Ambiguïté de la nature

La référence à la nature n'est pas sans paradoxe. C'est la seconde difficulté du concept dans l'Education nouvelle : cette nature est double, à la fois état - ce que l'enfant est effectivement - et potentiel à actualiser - ce que l'enfant deviendra -. L'actualisation de la nature humaine constitue, selon Bernard Charlot, une autre caractéristique de toute pédagogie idéologique qu'on retrouve tant chez Platon que chez Rousseau : ‘« D'une façon générale, dans la pédagogie, l'éducation ne change pas l'homme, elle lui permet seulement de devenir ce qu'il est »’ 923. C'est bien parce que la pédagogie se développe sur fond d'idéologie qu'elle se fait culture de la nature humaine, autrement dit révélation de l'essence de l'homme en lui-même, et qu'elle se voit dans l'obligation de dédoubler la nature.

Si l'action éducative doit partir de la nature, le donné originel de l'enfant, c'est pour mieux y retourner, l'humanité. ‘« S'il est utile d'élever l'enfant pour ce qu'il sera dans l'avenir, il est d'abord nécessaire et légitime de l'élever pour lui, enfant qu'il est avec sa nature et ses droits d'enfant »’ 924. Il y a donc au delà des particularités naturelles et individuelles de l'enfant une nature humaine universelle à laquelle tous et chacun sont destinés.

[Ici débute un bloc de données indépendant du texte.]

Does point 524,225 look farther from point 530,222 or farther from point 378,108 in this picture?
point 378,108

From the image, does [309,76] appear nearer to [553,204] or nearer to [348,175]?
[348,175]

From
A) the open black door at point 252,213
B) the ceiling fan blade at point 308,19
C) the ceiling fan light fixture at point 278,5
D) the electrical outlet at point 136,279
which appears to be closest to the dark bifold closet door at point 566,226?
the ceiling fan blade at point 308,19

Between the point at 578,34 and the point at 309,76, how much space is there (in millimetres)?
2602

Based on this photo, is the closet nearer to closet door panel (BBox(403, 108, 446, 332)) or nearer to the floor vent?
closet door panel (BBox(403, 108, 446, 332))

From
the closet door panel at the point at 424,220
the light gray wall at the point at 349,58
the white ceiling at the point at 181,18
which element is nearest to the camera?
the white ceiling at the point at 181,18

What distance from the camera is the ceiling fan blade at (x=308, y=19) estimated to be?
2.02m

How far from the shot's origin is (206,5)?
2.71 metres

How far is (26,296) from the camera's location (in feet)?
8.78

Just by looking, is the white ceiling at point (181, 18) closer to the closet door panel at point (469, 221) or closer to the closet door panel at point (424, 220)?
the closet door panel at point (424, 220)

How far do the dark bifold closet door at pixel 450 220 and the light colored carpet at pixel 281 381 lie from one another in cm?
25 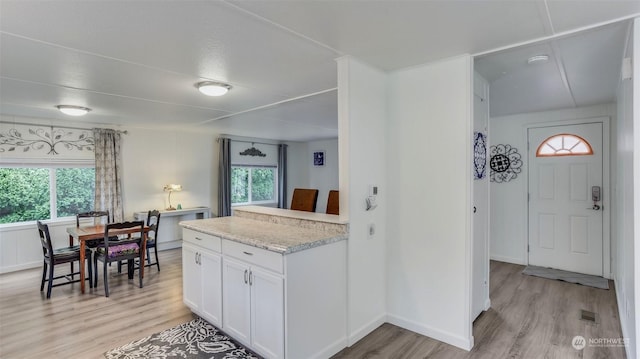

La nature représente à la fois ce qui était à l'origine et ce qui sera, elle se dédouble entre passé et futur, entre essence et devenir, et c'est là toute l'ambiguïté du concept dans l'Education nouvelle.

Dans L'éducation naturelle, Hubert Hannoun signale également l'ambiguïté de l'usage de ce concept en éducation, dont il recense soixante-douze contenus différents. L'idée de nature pour les éducateurs, en plus de se dédoubler entre potentialité à actualiser et état effectif, peut désigner tant l'état originel des êtres et des choses que leur essence permanente, elle est capable par ailleurs de recouvrir aussi bien la nature singulière de l'enfant que la nature humaine universelle 925. Finalement, explique Hannoun, la nature ‘« n'est pas seulement ce qui est, essentiellement et originellement, mais encore ce qui est bien ou ce qui est mal. Et c'est là aussi une autre source d'ambiguïté de son contenu »’ 926. On retrouve chez les pédagogues nouveaux l'hésitation de ces tendances bilatérales et significatives de l'idée de la nature, sauf pour le dernier point où il ne fait aucun doute que la nature est vue de manière positive et donc qu'elle constitue le modèle à suivre.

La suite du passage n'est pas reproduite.